In their decision, the three members of the Appeals court found that the charging of a “door fee” – basically an entrance fee to come in the building – and the holding of cash in exchange for chips constituted that the business was operating as a gambling establishment and was, in fact, against the law.

In writing their opinion, Judge Lagesen states, “The games operated in the Portland Meadows Gaming Room were an incentive to pay the door fee and enter the room, and those fees come within the plain meaning of the phrase “house income from the operation of the social game.” In the end, the trio of judges relied on the Oregon statutes, saying, “We rely on the text and context of ORS 167.117(21) to conclude, as the Lottery did, that a “door fee” that is paid to access poker games results in “house income” within the meaning of the statute.”

Could Decision Have Ramifications Outside Oregon?

The decision immediately only has ramifications on the Oregon poker rooms. Some of the Portland poker rooms have been in operation since 2007 under the state’s “charitable poker” guidelines. This new ruling, however, puts those operations in jeopardy as many had been using the same business template that Portland Meadows had utilized.

This also puts other states’ charitable gaming laws and even some “poker club” operations in question. Michigan’s recent increase in online gaming may see their charitable gaming industry lose money, while Texas’ poker clubs (which utilize a “membership fee” for entry) are comparable to what occurs in Portland. While the Oregon ruling does not directly affect these states, attorneys can use the decisions (such as Oregon’s) as arguments in any litigation that might arise.

The decision by the Oregon appeals court will most certainly be appealed by Oregon Racing, Inc. Whether the decision will be overturned after two decisions against them, however, is going to be difficult.


  1. Donald Barton says:

    So gaming is legal as long the Oregon State Lottery or a Native American casino runs it? Why not throw out the current rules and have the clubs pay for a license to operate legally and pay the dealers & staff as regular employees like the casinos do?

  2. Anonymous says:

    Why would the ruling have affect in Oregon where there are local ordinances like Portland?

    ORS 167.121¹
    Local authorization of social games

    Counties and cities may, by ordinance, authorize the playing or conducting of a social game in a private business, private club or in a place of public accommodation. Such ordinances may provide for regulation or licensing of the social games authorized.

  3. Earl Burton says:

    The argument that the Portland rooms are using is that they are not “gambling” but “social games.” The appeals court shot that down in saying that their operations are, in fact, running a gambling establishment and profiting from it (illegal) through the door fees and that the participants do not receive the same money back for which they pay for the chips upon entering (under a “social game,” there would be no money changing hands).
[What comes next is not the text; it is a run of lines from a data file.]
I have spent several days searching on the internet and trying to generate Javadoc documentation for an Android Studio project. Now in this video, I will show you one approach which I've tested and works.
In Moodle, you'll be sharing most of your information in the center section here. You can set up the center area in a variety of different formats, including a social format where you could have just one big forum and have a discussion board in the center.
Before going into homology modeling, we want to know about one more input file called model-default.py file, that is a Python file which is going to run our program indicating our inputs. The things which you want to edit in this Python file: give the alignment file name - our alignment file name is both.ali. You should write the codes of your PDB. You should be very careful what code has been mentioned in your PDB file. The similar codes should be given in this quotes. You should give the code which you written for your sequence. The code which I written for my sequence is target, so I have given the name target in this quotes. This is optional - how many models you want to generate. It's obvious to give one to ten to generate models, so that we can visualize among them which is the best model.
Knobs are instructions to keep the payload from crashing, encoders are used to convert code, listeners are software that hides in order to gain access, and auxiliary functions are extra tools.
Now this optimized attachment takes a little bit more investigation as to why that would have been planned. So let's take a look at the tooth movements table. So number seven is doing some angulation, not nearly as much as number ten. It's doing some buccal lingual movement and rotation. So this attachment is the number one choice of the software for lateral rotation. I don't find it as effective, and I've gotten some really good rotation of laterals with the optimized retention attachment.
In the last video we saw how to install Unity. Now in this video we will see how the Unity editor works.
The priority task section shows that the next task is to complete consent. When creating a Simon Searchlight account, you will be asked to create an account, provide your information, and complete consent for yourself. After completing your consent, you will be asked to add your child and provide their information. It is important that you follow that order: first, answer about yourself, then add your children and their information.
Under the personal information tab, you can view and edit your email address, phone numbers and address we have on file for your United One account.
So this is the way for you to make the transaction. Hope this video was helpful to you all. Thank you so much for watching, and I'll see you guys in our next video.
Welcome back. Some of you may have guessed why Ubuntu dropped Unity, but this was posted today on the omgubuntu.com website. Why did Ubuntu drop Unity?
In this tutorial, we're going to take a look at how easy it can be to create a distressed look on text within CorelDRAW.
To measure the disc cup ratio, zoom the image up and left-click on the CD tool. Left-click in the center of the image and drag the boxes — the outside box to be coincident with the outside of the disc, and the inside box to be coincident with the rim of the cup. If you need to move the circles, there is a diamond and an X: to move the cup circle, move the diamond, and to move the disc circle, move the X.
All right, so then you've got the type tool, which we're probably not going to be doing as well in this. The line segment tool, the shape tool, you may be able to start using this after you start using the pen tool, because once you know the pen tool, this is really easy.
There’s also some question as to betting limits, but they didn’t get into that in the appeals court case.

  4. Steve Roselius says:

    It’s worth noting that Portland Meadows is still in business. The site they were operating in (a horse track) was bought, razed, and will eventually become a warehouse or serve some other industrial purpose. The business moved to another site close to the airport. It retains the name “Portland Meadows” and has the same ownership as the racetrack operation.

  5. David Jewel says:

    Indians didn’t like the competition and some nice political contributions. Indian casinos can screw customers at will with zero ability of customers to seek redress in any other forum then the courts of the very tribe running the gaming.